Opinión

El provecho de la ignorancia

Se dice que la ignorancia es muy atrevida, y seguro que a ese dicho no le falta razón. La ausencia de ese pizca de conocimiento necesario para presentarse como un ser verdaderamente racional y con sentido crítico hace que uno se lance a decir barbaridades sin pudor alguno, convencido -porque ni sabe ni ansía saber más- de que actúa lleno de razón. Platón (así lo recoge en su Defensa de Sócrates) nos cuenta que en el juicio que acabaría con su sentencia de condena a muerte, Sócrates (el más sabio de los hombres, pese a no haber dejado escrita ninguna de sus enseñanzas) dijo aquello de que «la única cosa que sé es saber que nada sé; y esto cabalmente me distingue de los demás filósofos, que creen saberlo todo». Así el gran filósofo, pesa ser el elegido por el oráculo de Delfos para transmitir al resto de la Humanidad los designios divinos, se creía el más ignorante de los hombres, y acerca de todo se interesaba y preguntaba a sus discípulos, y era el diálogo constante la fuente final de la sabiduría. Ahí debe de residir entonces el antídoto de la ignorancia: cuestionarnos todo sin dar nada por cierto de antemano. Porque el que se cree lleno de la razón inexorable, tan pagado de sí mismo, es el más necio de los hombres. 

Pero la ignorancia tiene otra cara más patética, proclive a la compasión, y es la que anida en personas a las que su maldita vida las ha llevado al borde de la desesperación. Una enfermedad  incurable, que sé yo, un desahucio de la propia salud en ciernes, y el camino queda allanado para los aprovechados, los pícaros que ven en esa situación calamitosa un nido de negocio de fácil beneficio; y es otra vez la carencia de conocimientos, la falta de sentido crítico (o ambas cosas a la vez) la que actúa como aliado de los tramposos. Cómo explicar si no esas noticias que parecen sacadas de revistas satíricas, como la de esa empresa que se dedicaba a comercializar jarras de agua que llevaban incorporado un filtro que alcaliniza e ioniza el agua del grifo y entonces, por arte de birlibirloque, ese líquido es ya pócima, no sólo para prevenir (ya sería un logro), sino también para paliar (según la primera acepción de la Real Academia Española, «mitigar la violencia de ciertas enfermedades») dolencias como el cáncer, la diabetes, la osteoporosis, la depresión, la hemofilia y el párkinson.
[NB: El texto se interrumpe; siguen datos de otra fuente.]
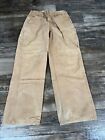 Vintage Carhartt Double Knee Pants Size 32x30  Made In USA BRN M3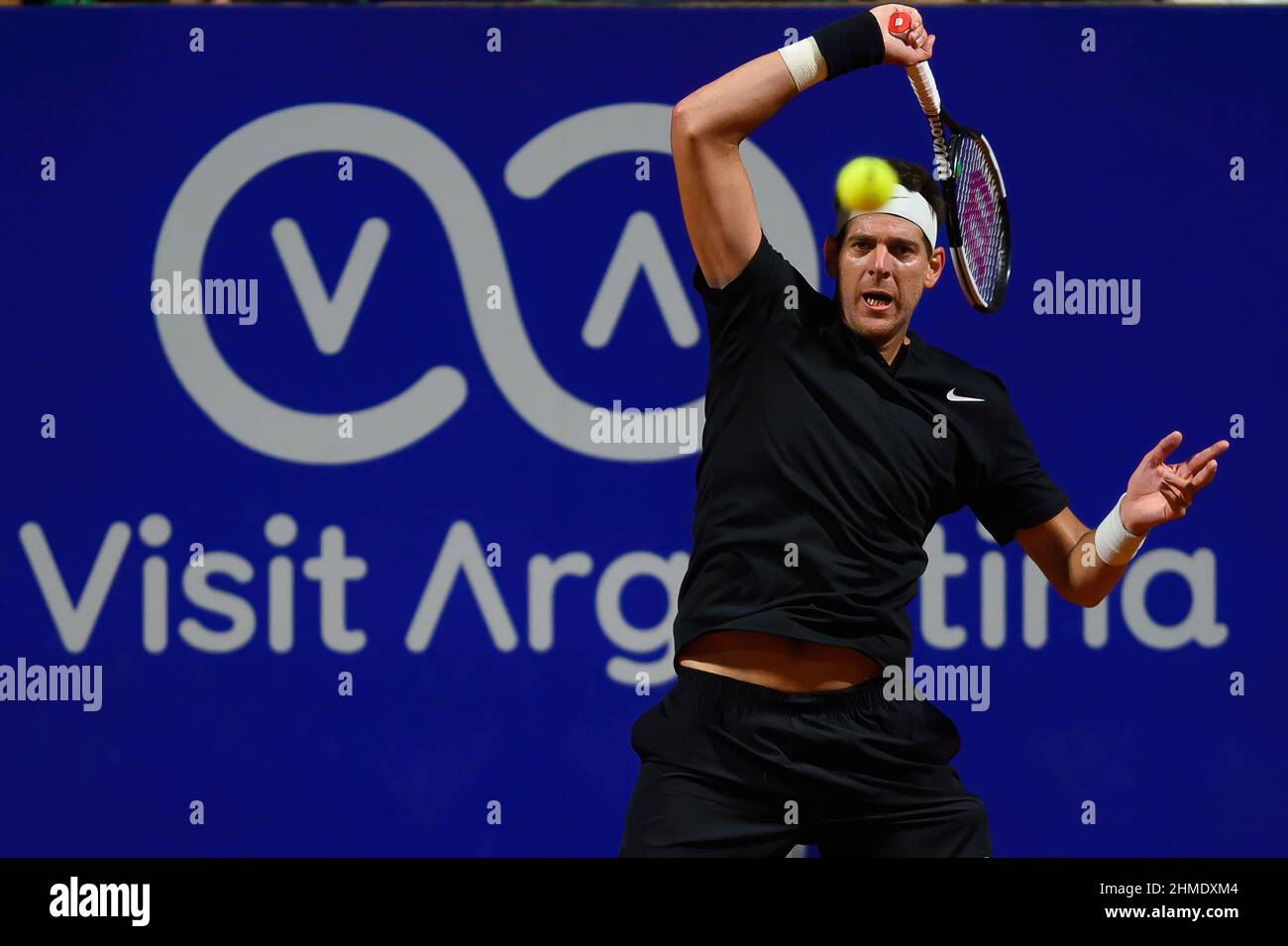 Juan Martin Del Potro vu en action lors d'un match de tennis Argentine Open au stade Guillermo Vilas. Federico Delbonis remporte le 6-1/6-3 (photo de Manuel Cortina / SOPA Images/Sipa USA) Banque D'Images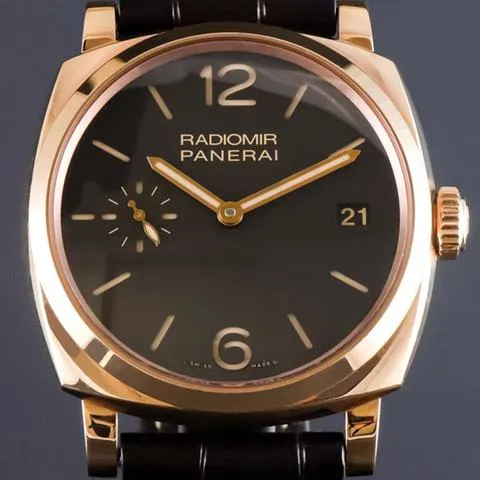 Panerai Radiomir 1940 PAM 00515 47mm Rose gold Brown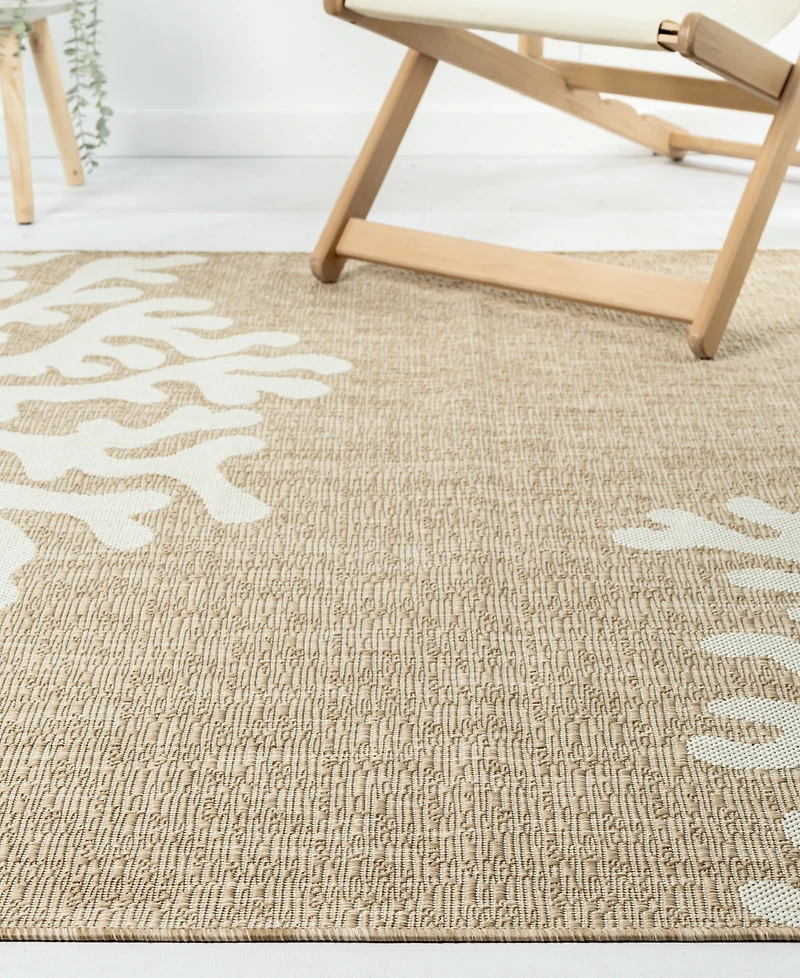 Lr Home Nassau 6'6"x9' Outdoor Area Rug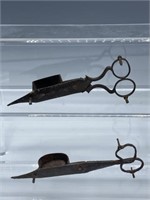(2) Antique Candle Trimmers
Y leo ahora que una pobre enferma de cáncer ha caído en una trampa del estilo y se ha gastado 2.395 euros en dos jarras de agua que la ayudarían a reducir su enfermedad a base de añadir hidrógeno al agua corriente. Engañada vilmente, aferrada a cualquiera que le pueda dar una mínima esperanza, una quimera, aunque para ello tenga que endeudarse hasta las entrañas. Pero no nos extrañemos, siempre hubo pícaros y gente incauta a la que embaucar: cualquiera puede recordar esa típica escena del western en la que el charlatán con levita y sombrero de copa llega con su carruaje al pueblo para vender el «crecepelo», su producto estrella. Y la doña le da un par de codazos al marido para que no racanee un par de dólares, quién sabe, a lo mejor esa coronilla vuelve a ser un vergel. Y el parlero se frota las manos. Cuántos esperan aún hoy ese producto milagro que les cubra la retaguardia craneal. 
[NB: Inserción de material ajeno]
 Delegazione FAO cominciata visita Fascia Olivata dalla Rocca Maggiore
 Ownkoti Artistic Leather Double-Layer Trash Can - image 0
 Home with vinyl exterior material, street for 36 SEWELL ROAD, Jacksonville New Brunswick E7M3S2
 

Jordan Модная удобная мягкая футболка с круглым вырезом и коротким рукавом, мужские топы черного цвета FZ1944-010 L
 La ignorancia tiene pues muchas caras, y alguna de ellas mueve a la piedad. No ocurre eso en cambio cuando se instala en los resortes del poder. Ahí nunca será excusable, pues aunque difícilmente se llegue a dar, lo ideal es que fuésemos guiados, no ya por sabios, sino por los que, sabedores de sus limitaciones, hacen lo posible por superarlas, para no comportarse como charlatanes de feria. De estos últimos andamos últimamente muy sobrados.